Please give back, exactly as written, the lines from the line with "ダイヤエレガントズ80thバースデーパーティーありがとう ギフトタグ" to the line with "1-10Pcs SG90 9G" in the listing below, leaving out all pictures.

PROVIDED RECORDS:
= = = = = = =

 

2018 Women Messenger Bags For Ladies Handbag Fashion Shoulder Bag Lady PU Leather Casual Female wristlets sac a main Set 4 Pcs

= = = = = = =

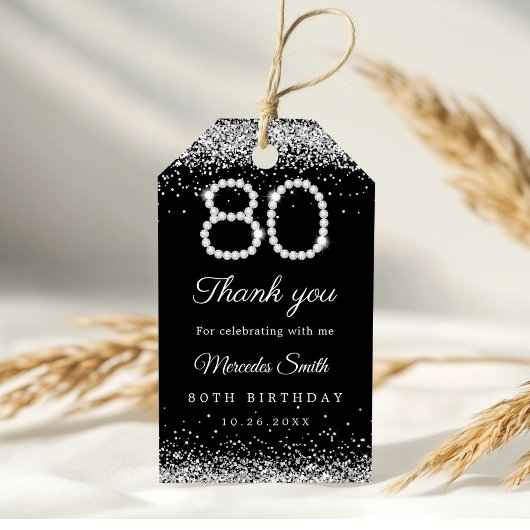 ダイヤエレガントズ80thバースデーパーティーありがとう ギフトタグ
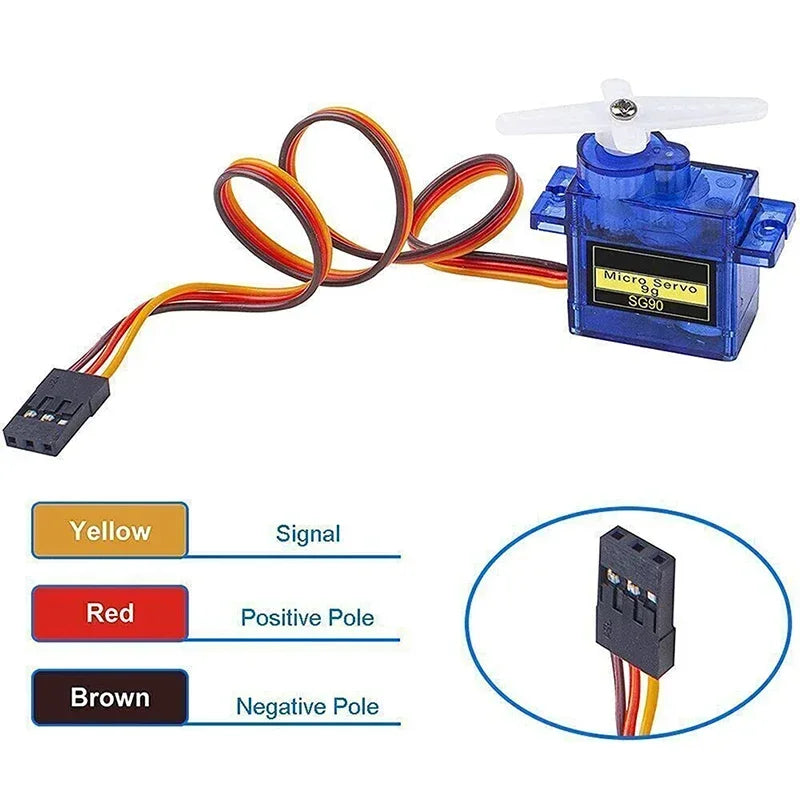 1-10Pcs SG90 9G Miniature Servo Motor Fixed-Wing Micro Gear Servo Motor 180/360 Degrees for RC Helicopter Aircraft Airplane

= = = = = = =

REPLY TO THE EXERCISE:
 ダイヤエレガントズ80thバースデーパーティーありがとう ギフトタグ
 1-10Pcs SG90 9G Miniature Servo Motor Fixed-Wing Micro Gear Servo Motor 180/360 Degrees for RC Helicopter Aircraft Airplane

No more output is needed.